凛を見てみれば、もう白竜にしか見えない。疲れきり、話を聞くだけで精一杯だったのかもしれない。
「ネイリールさんへの説明任せてもいい?」
「あぁ。アンタはゆっくりと休んでおきな。向こうに行けば、リーンはやる事が多いからな」
「わかった。それじゃーまたね」
クロイツとアーフィイに手を振り、凛はその場から姿を消した。
「今日は大人しかったな」
「情報量が多くて疲れただけだ」
「わかったわかった」
「だから」
「わかっているから、今日はもう休んでおけ。何か嫌な予感がする。しっかり休めとけ」
「…わかった」
クロイツの嫌な予感はよく当たる為、アーフィイは素直に頷き自室へと戻った。
自分の部屋へと戻り、閉じこもりの理由にしていた玉を作り出そうとするが、今まで緊張していたのか手の平に汗をかいていた。
軽く洗い、布で手を拭く。
「ふぅ」
漸く、一息つけた気がした。
手を止めたついでにお茶を用意し、お弁当を広げる。
色とりどりのお弁当。見るだけでも食欲が沸き起こるような気がした。
仲良くなれて嬉しいと、どうやって別れを切り出すかという悩みが複雑に絡み合う。クオロノエイに行った後も、いつでも引っ張れるとクロイツから聞き、少しは安心できたがそれでも不安が消えるわけではない。
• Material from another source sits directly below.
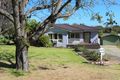 Property photo of 9 Churchill Drive Swan View WA 6056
ネイリールたちも少しずつ保護をしていくとは思うが、それには期待せず、クオロノエイで琥珀やクロイツたちと話し合った方がいいかもしれない。
ただ、時期については全くわからない。いつ行けば良いのか、それさえ迷う。
「不安が消える事はないんだな」
自覚したらそれはそれで別の不安が沸き起こる。けれど、凛はそれを抑え込み、深く息を吐き出した。
もう物事は進みだした。それを凛が止めるわけにはいかなかった。